I will never spend a dime on the core books because they are a hot mess. Seriously, anyone out there who has played a 5e Paladin, you have my sympathy. I took me days to typeset and organize the paladin-as-cleric because, in order to understand the rules for some class features, you have to go to two or three different places in the class description to get a full picture. Even then, a lot of stuff needs several reads in order to interpret the rules.
Now, as an old-school grognard I don’t have any issues with rules that can be interpreted in multiple ways on principle, but 5e presents as such a complicated system that to have rules that are difficult to interpret is not something I appreciate, at least in context of trying to produce an ordered and understandable version of the paladin for my own campaign world.
On the flip side, this experience has demonstrated to me that 5e, at its core, is an extremely simple system. Simply put, it takes the bare bones of a typical d20 system (six ability scores, hit points, armor class, etc.) and strips it all down to the concepts of the Proficiency Bonus and the ideas of Advantage/Disadvantage.
The Proficiency Bonus is a very simple way of expressing that a character is good at something — anything from weapons, to skills, to tools, to saving throws. Advantage/Disadvantage is an extraordinarily elegant way to express bonuses and penalties for virtually any situation in the game.

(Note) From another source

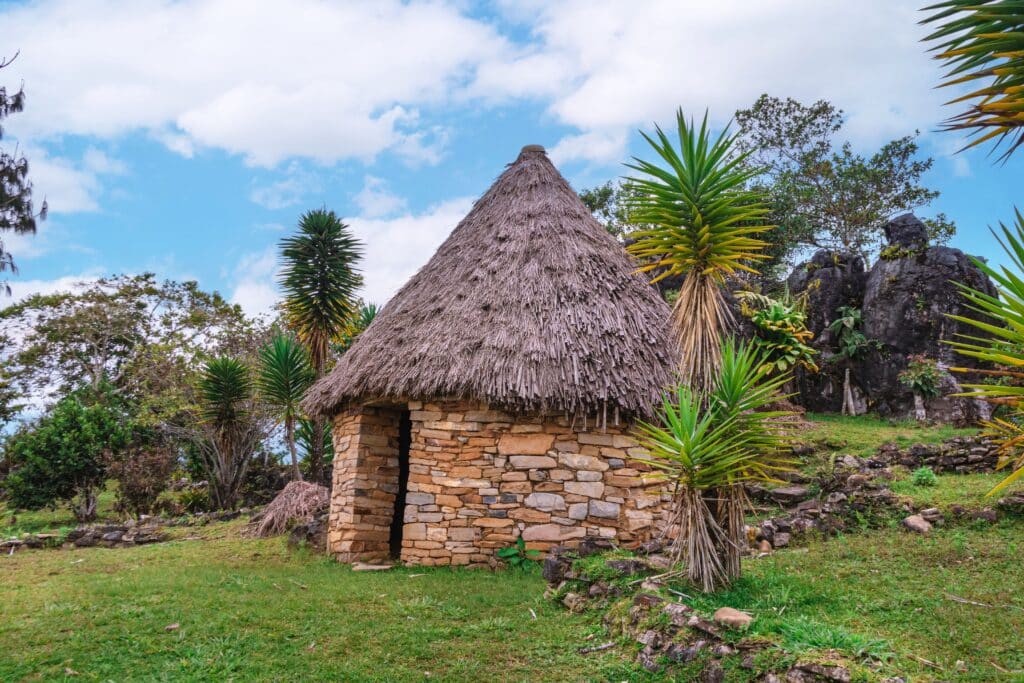Architecture traditionnelle et habitat rural à Madagascar, témoins de l'authenticité et de l'art de vivre du Fihavanana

5e then builds upon this very simple framework a baroque/gothic nightmare of complexity. Whereas I like the idea of using the paladin as a cleric and the warlock as a magic-user, I am less than thrilled about the sheer amount to rules necessary to pull this off. Swords & Wizardry Light (a complete game) will be four pages. That is less than the page count necessary to explain a single class in 5e.
At the heart of all this, however, is a system that I think will make the world of RPGs better. I don’t think I am the man to do it, but there is a 5e-Lite begging to shake off all the excess that WotC have piled onto this system. Indeed, I think the system is elegant enough to pull off just about any genre that you can throw at it.
Here is hoping that someone, someday picks up the gauntlet and produces a 5e-Lite that will make the process of tooling 5e into any genre we want easier than what I am putting myself through now.
17 hours ago
1 comment:
My thoughts exactly! I think that you could get rid of a lot of fluff text and that would slim down the rules considerably--maybe not into the ideal of 128 pages, but not that far from it either.